In a letter to the the leaders of the House and Senate Ways and Means committees, the National Payroll Reporting Consortium, whose members serve 1.5 million employers and more than one-third of the private-sector workforce, wrote that the Senate's two-month extension allows "insufficient lead time" to institute changes by Feb. 29.
The group wrote that a shortened deadline could create "substantial problems, confusion and costs affecting a significant percentage of U.S. employers and employees."
According to the proposed law, the two-month extension of a 4.2 percent taxable wage is applied only to the first $18,350 of income. Wages exceeding $18,350 paid during the first two months of 2012 would be subject to a 6.2 percent Social Security tax rate.
In 2012, Social Security is set to be taxed only on wages up to $110,000. A GOP aide said lowering the cap to $18,350 for the first two months of the year creates the illusion that no one earns more than one-sixth of the yearly prorated tax on wages.
Senate Democrats "wanted to make sure that, if for some reason the cut isn’t extended past the two months, wealthier people didn't get the full 110K worth of tax cut in the first two months (cause they hit 110K quickly), while lower income people would only see a couple months worth of it," the aide said in an email to the Fox Business Network.

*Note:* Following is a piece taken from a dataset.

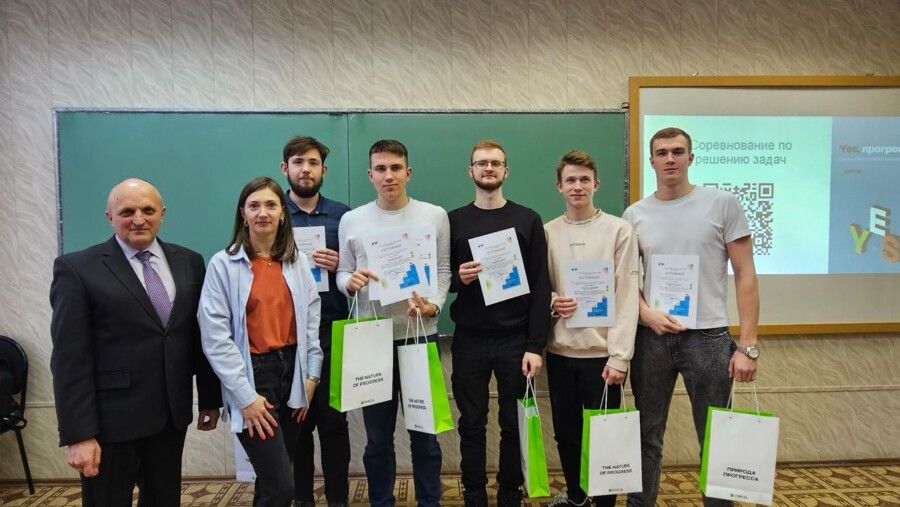 Студенты КГУ вышли в финал кейс-чемпионата костромского комбината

"So they actually lowered the cap as if no one pays payroll tax above 18K a year. Nice thought, but it will require a massive re-coding of payroll tax software that makes it unworkable in practice," the aide said.
Pete Isberg, president of the NRPC, which claims neutrality on virtually all tax policy issues, wrote to the lawmakers that he understands Congress' concern about the seeming inequality of highly compensated employees getting their entire yearly tax break in the first two months of 2012.
"Nevertheless, with the first of January now only two weeks away and payroll departments trying to meet year-end compliance mandates and reconciliation, there simply is insufficient time to implement this major change in withholding requirements," he wrote.
"Many payroll systems are not likely to be able to make such a substantial programming change before January or even February. The systems affected tend to be highly complex, normally requiring at least 90 days for a change of this magnitude for software testing alone; not to mention analysis, design, coding and implementation," he wrote.
Isberg told Fox News that as employers prepare payroll for the first days of January, not only are they without a decision from Congress on taxes, but once that is decided, they also must await an IRS rule on how to institute Congress' changes to the tax schedule.
Isberg suggested Congress try a different approach to a tax cut than a two-month extension, including making the break last for at least a quarter of the calendar year, or extending the cut later and making it retroactive, which he said would be easier to implement than a two-month change.
"It will be a chaotic year" for employers if not, he said.